__Your objective__. From the records that follow, return exactly the lines beginning at the one that contains "Images - Alamy" and ending at the one that contains "Reddish Maroon colour", pictures left out.

__Records provided__.
────────

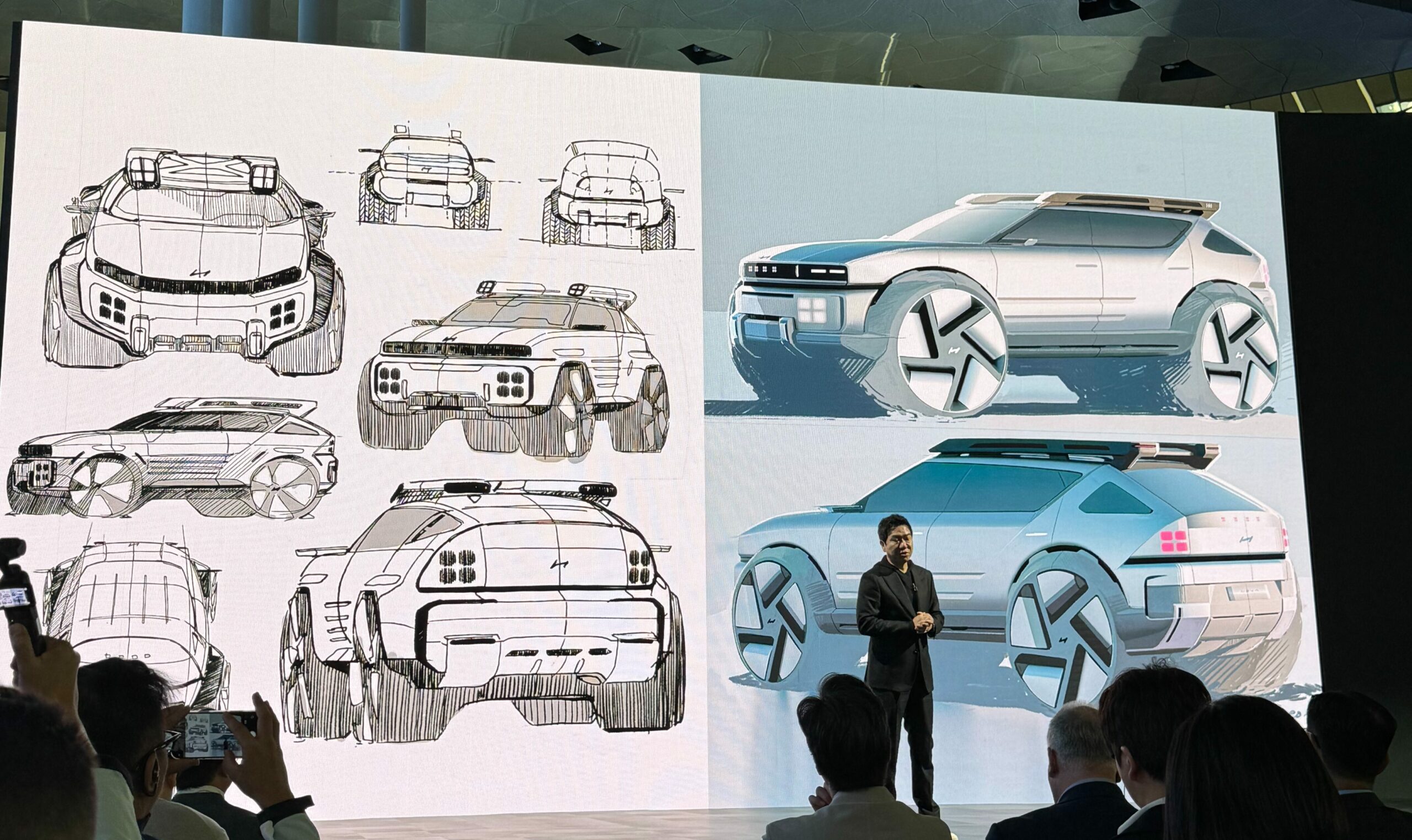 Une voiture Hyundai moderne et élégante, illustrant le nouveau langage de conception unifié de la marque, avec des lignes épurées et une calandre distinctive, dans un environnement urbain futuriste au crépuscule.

────────

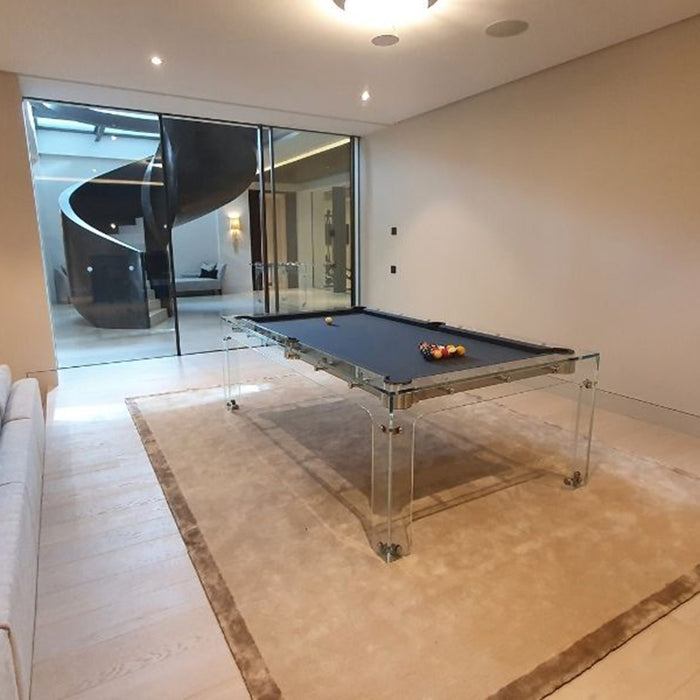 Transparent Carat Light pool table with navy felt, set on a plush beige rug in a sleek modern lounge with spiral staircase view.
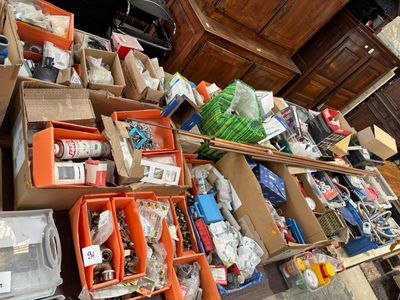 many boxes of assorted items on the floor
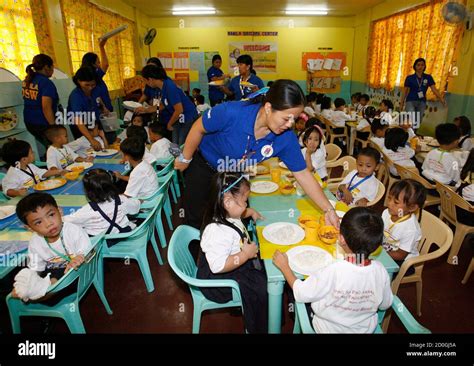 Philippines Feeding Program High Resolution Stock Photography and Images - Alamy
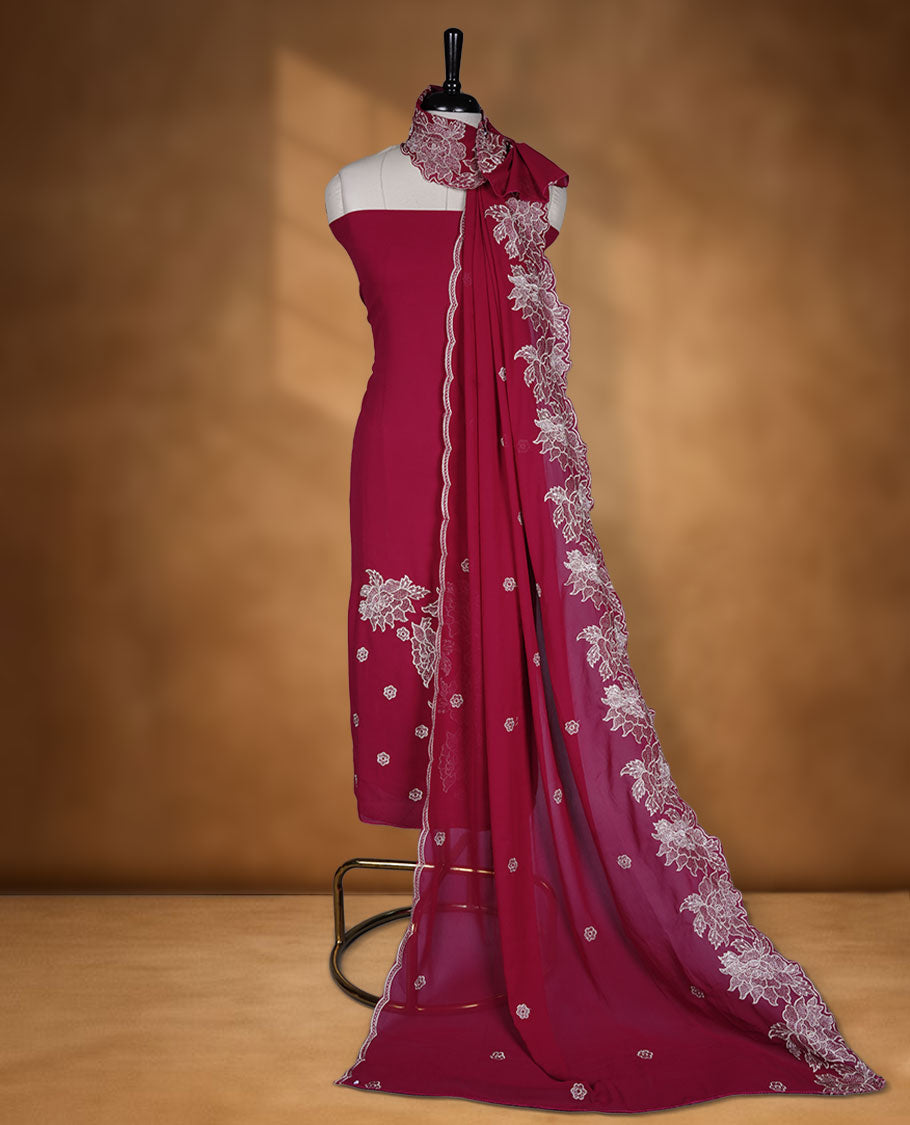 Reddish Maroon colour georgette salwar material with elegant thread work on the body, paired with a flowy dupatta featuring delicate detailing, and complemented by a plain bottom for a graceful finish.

────────

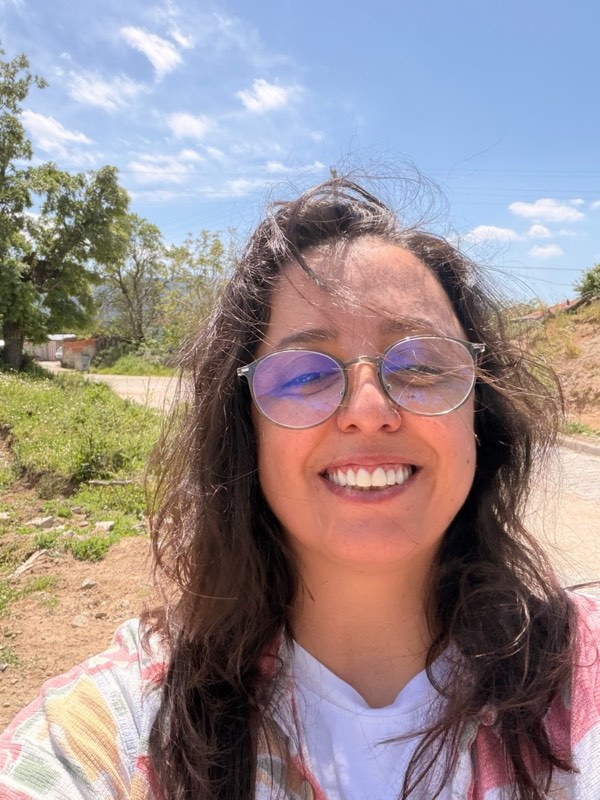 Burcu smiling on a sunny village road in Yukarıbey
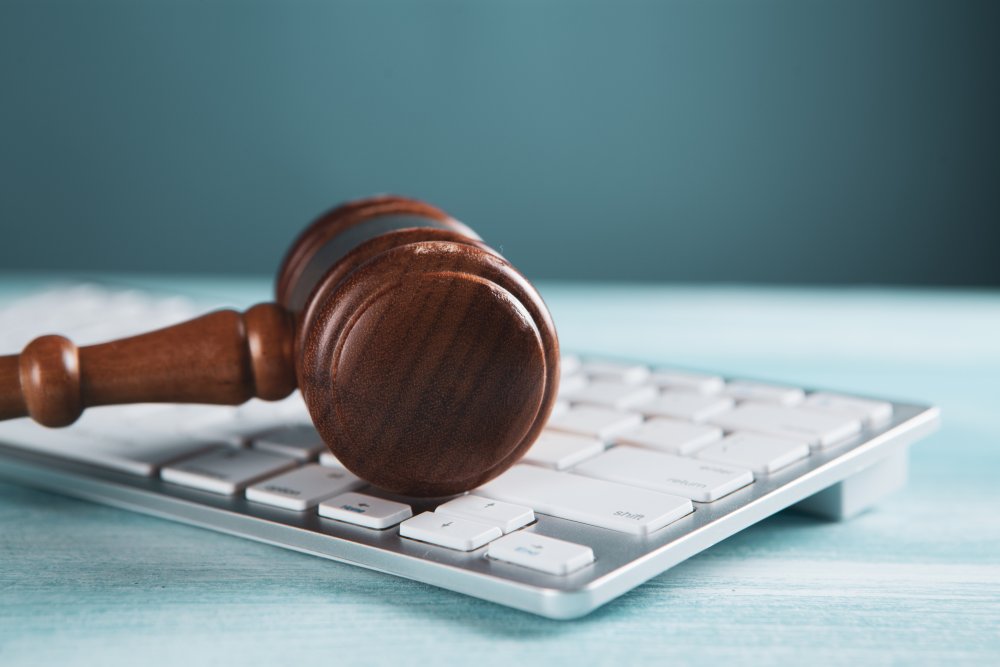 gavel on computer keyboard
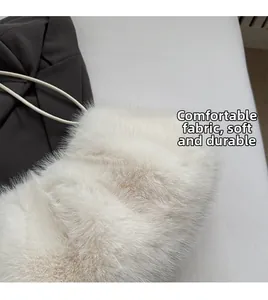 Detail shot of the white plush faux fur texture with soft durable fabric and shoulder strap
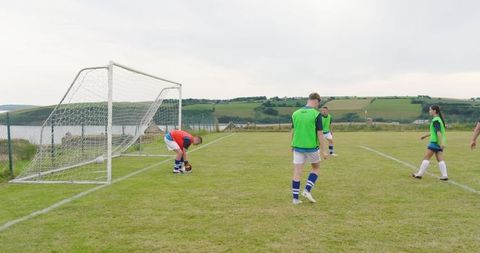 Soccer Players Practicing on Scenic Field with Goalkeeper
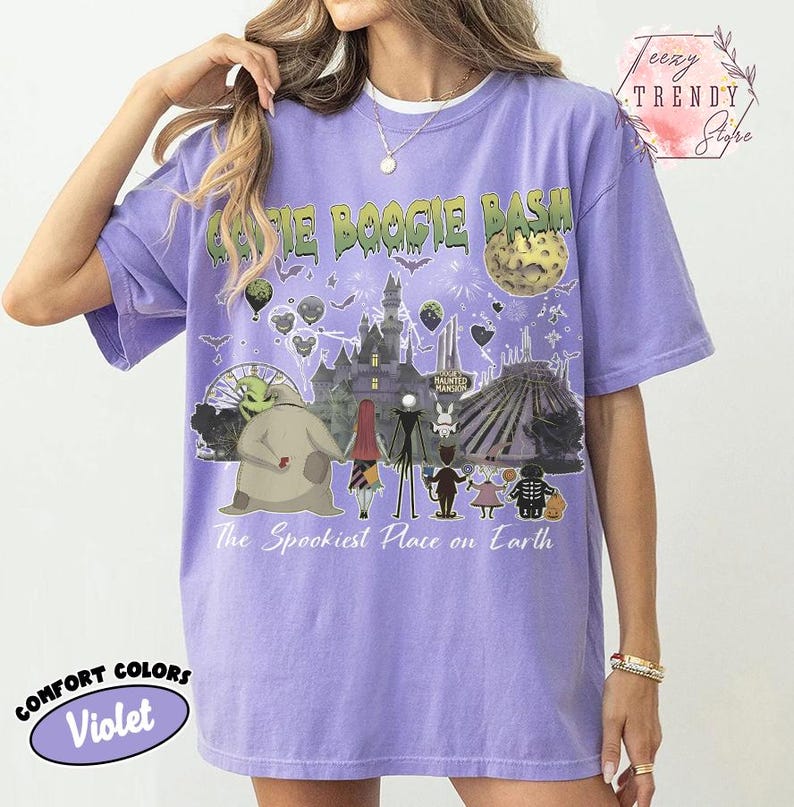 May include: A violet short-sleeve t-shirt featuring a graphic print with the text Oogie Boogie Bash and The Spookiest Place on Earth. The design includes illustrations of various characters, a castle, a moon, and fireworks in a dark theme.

────────

__Output of the task__.
 Philippines Feeding Program High Resolution Stock Photography and Images - Alamy
 Reddish Maroon colour georgette salwar material with elegant thread work on the body, paired with a flowy dupatta featuring delicate detailing, and complemented by a plain bottom for a graceful finish.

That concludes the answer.